-- Task prompt --
Exactly transcribe the span of lines from the one containing "Photo of property" through the final line of the entries, inclusive, and nothing outside it. Exclude the pictures.

-- Image-caption web data --

BEGIN

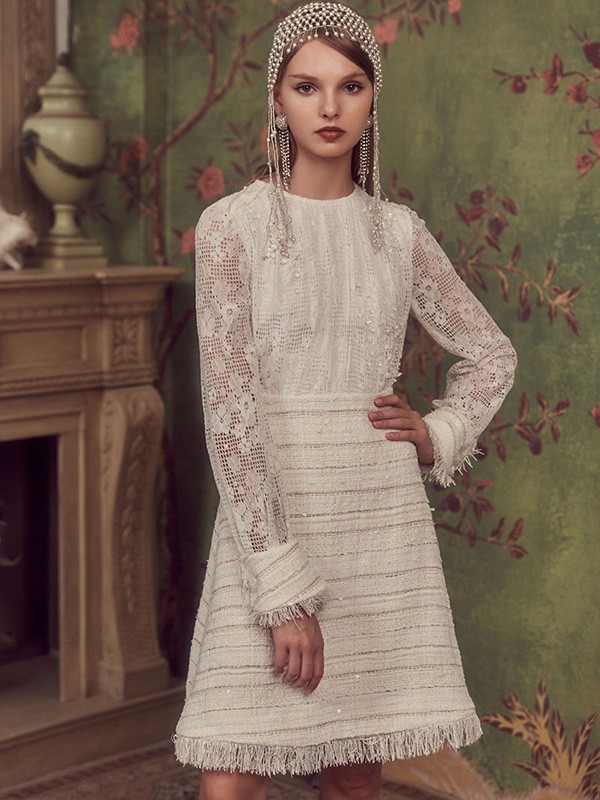 年底聚会什么的穿他们家的衣服一定惊艳全场,设计轻奢唯美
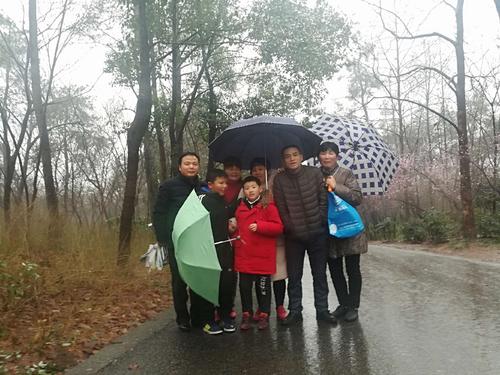 雨中的家庭
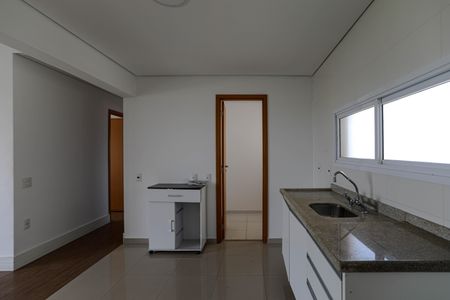 Apartamento para alugar com 100m², 3 quartos e 2 vagasCozinha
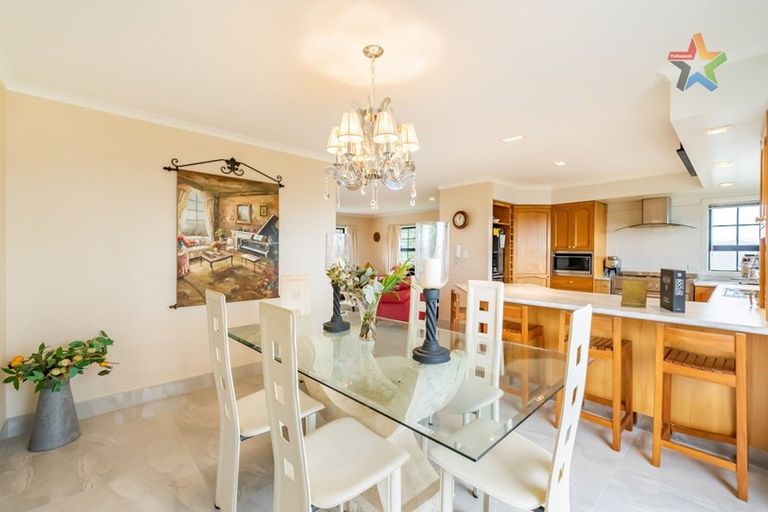 Photo of property in 44 Arahiwi Grove, Tirohanga, Lower Hutt, 5010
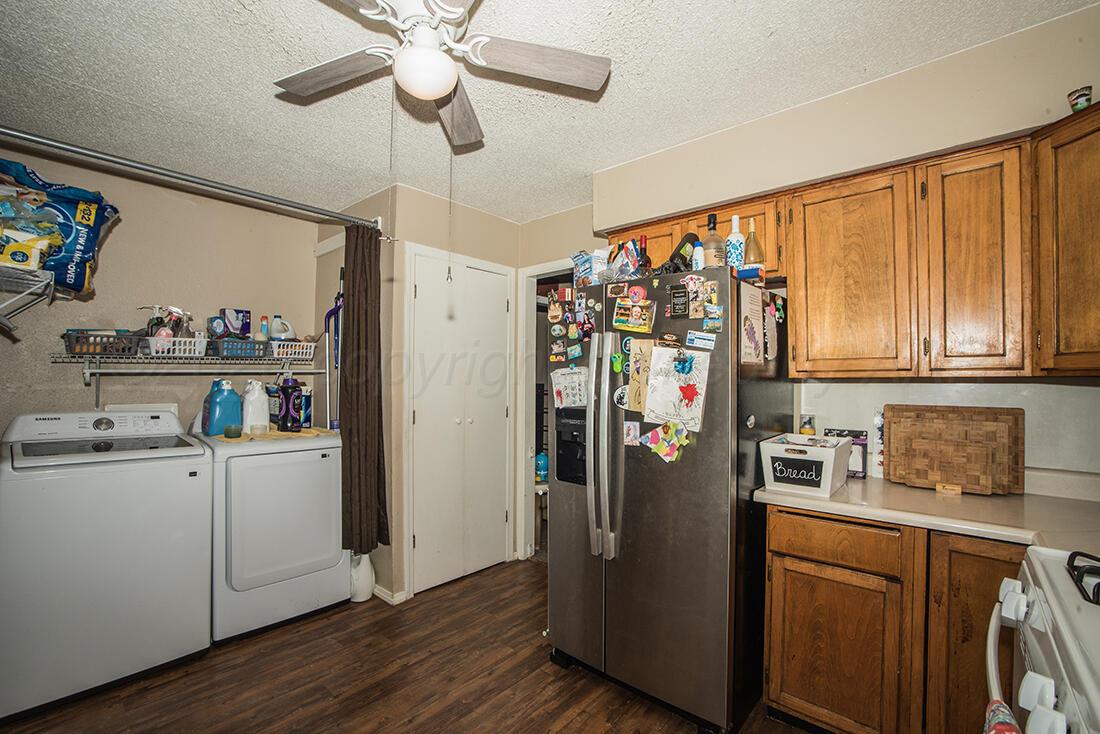 4205 Scotty Drive Amarillo, TX 79110 - Photo 6 of 19 Kitchen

END

-- Solved exercise --
 Photo of property in 44 Arahiwi Grove, Tirohanga, Lower Hutt, 5010
 4205 Scotty Drive Amarillo, TX 79110 - Photo 6 of 19 Kitchen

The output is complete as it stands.